Puxado pelo comércio exterior, o Bird estima que o crescimento
econômico desses países deverá registrar taxas
de 5,3% este ano e 5% no próximo ano, diminuindo para 4,8%
em 2002.
O relatório
adverte para as incertezas e vulnerabilidades que podem encerrar
o ciclo excepcional de crescimento econômico, que sustentou
e impulsionou o comércio mundial, notadamente as dúvidas
quanto à durabilidade da expansão sem inflação
dos Estados Unidos e continuação da alta dos preços
do petróleo.
O Banco Mundial
entende que, nos próximos dois anos, o ritmo de crescimento
diminuirá, ante o pico de 3,7% estimados para 2000 para os
países industrializados. Para 2001, espera 2,9%. Já
o crescimento a curto prazo na renda per capita dos países
em desenvolvimento tenderá a variar de quase 6% no Leste
Asiático, até cerca de 1,5% no Oriente Médio
no Norte da África e na África subsaariana.
Na América
Latina, embora a recuperação tenha mostrado um vigor
impressionante, sobretudo no Brasil, o ímpeto parece ter
diminuído um pouco no segundo semestre. Ainda assim, o Produto
Interno Bruto (PIB) da região deverá crescer 4% em
2000, com as taxas de crescimento variando consideravelmente em
diferentes partes da região. Para o Bird, a América
Latina está a ponto de iniciar uma fase de crescimento moderado
e constante para a próxima década, fruto das reformas
favoráveis ao mercado nos países maiores, o fortalecimento
dos sistemas bancários e financeiros relativamente fortes,
possíveis efeitos secundários do que ocorre nos EUA
e ao maior incremento do investimento estrangeiro direto entre as
regiões em desenvolvimento.
No Leste Asiático,
os cinco países mais duramente atingidos pela crise financeira
(Coréia, Filipinas, Indonésia, Malásia e Tailândia)

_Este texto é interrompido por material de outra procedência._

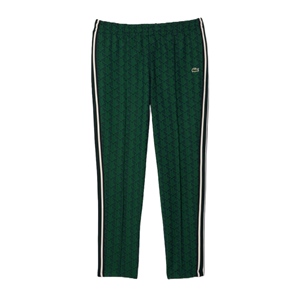 LACOSTE MONOGRAM TRACK PANT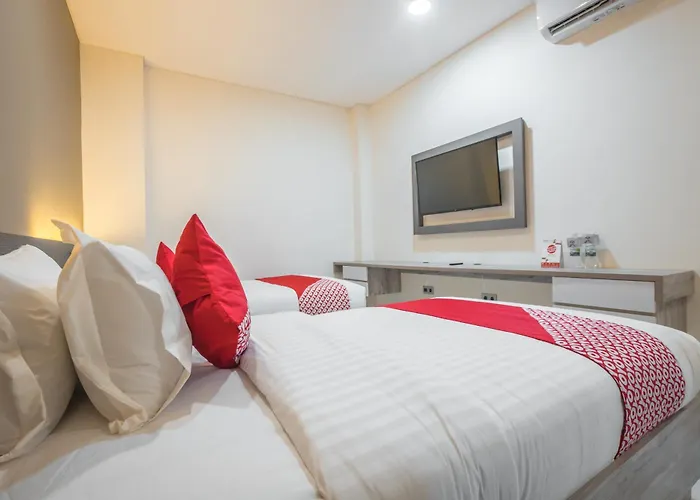 Hotel O Residence Khoe Jakarta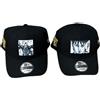 NUOVA ERA NEW ERA 9FORTY Cappellino Regolabile Set di 2 Kingdom Collaboration Black...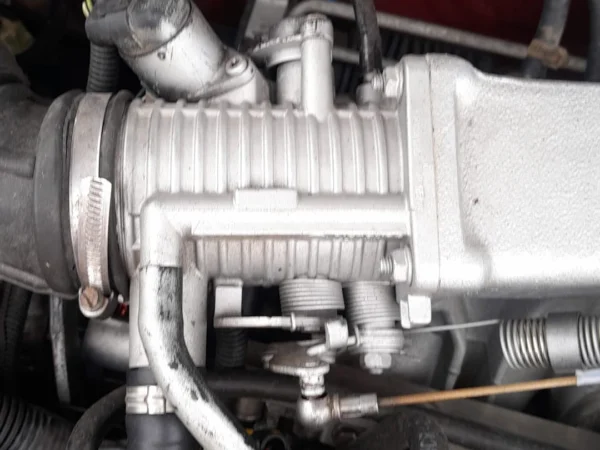 Opel Astra F Çıkma Boğaz Kelebek 1.4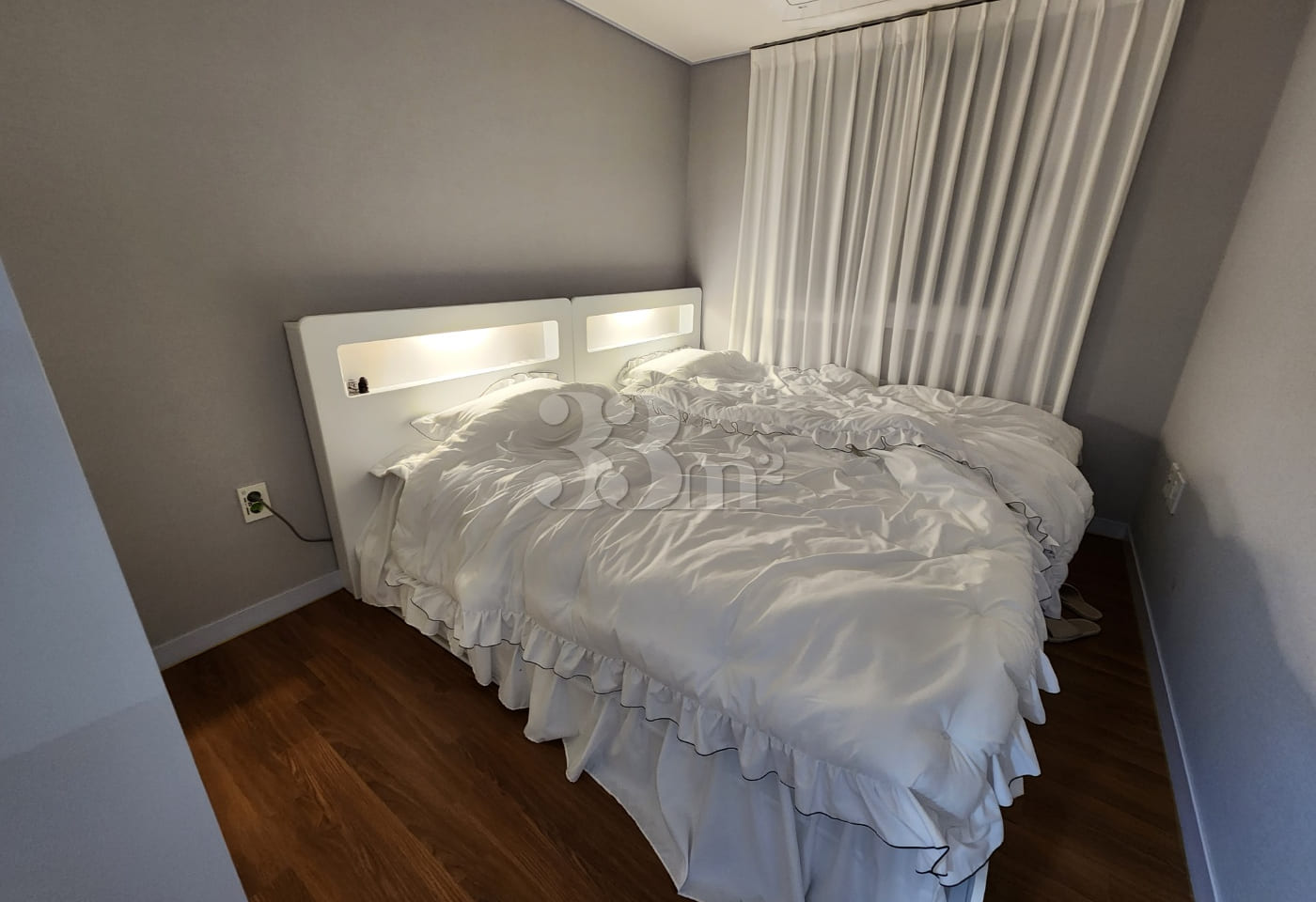 Sinchon-ri Haven Two-Room Apartment 9th image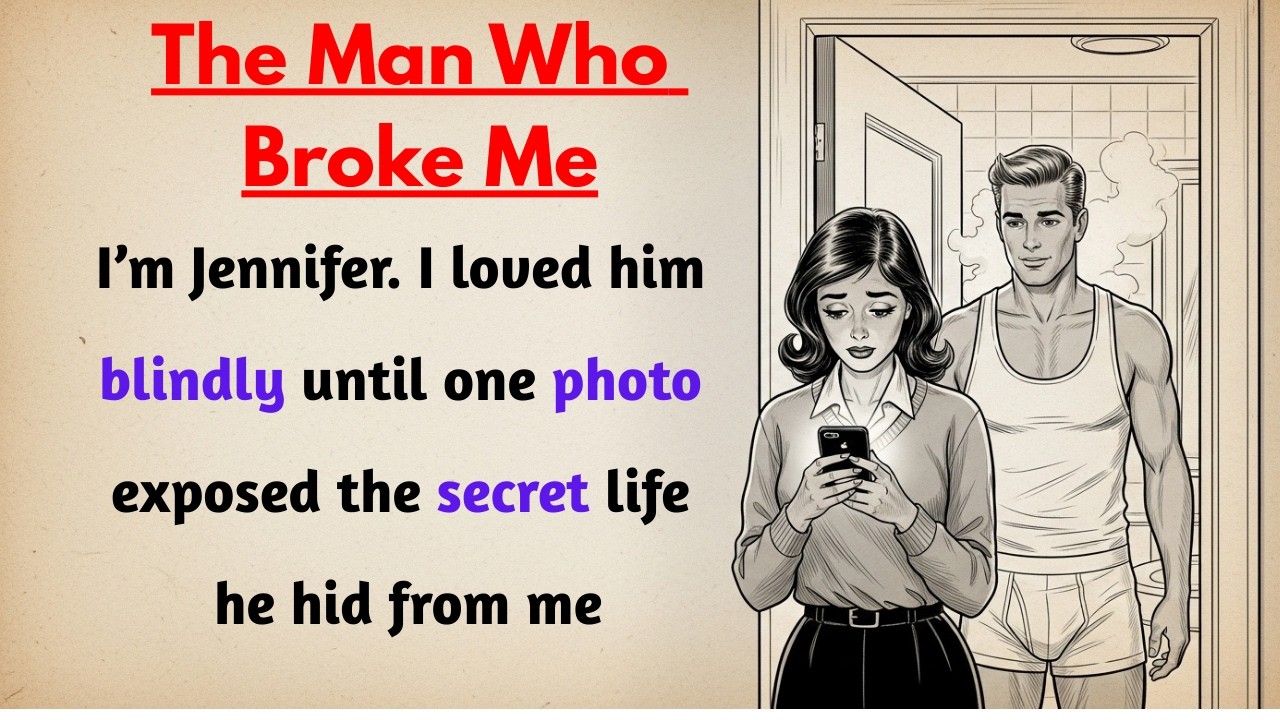 Learn English with Stories 🤌 The Man Who Broke Me | Level 3 English Listening & Speaking Practice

acusaram acentuada recuperação após a recessão
de 1997-98. Em média, os cinco países acusaram expressiva
recuperação em 1999, com uma taxa de 6,7% - em contraste
com o declínio de 8,2% que sofreram na crise de 1998 -, consolidada
ainda por quase 7% de crescimento em 2000. Na China, o crescimento
durante o período após a crise variou de 7% a 8%.
Em 2001-02, é provável que o crescimento na região
da região comece a desacelerar.
O Bird chama
a atenção para dois países mais vulneráveis:
Indonésia e Filipinas. Ambos sofrem também debilidades
políticas, distúrbios civis e (do ponto de vista dos
investidores) uma percepção de que as práticas
de governança corporativa não progrediram substancialmente.
Na Ásia
meridional, o PIB subiu a 5,7% em 1999 e provavelmente chegará
a 6% em 2000, devido a um desempenho da agricultura melhor do que
o esperado na Índia, no Paquistão e em Bangladesh,
bem como a uma aceleração da produção
industrial indiana, que marcou taxas de dois dígitos, e a
vigorosos avanços na produção de serviços.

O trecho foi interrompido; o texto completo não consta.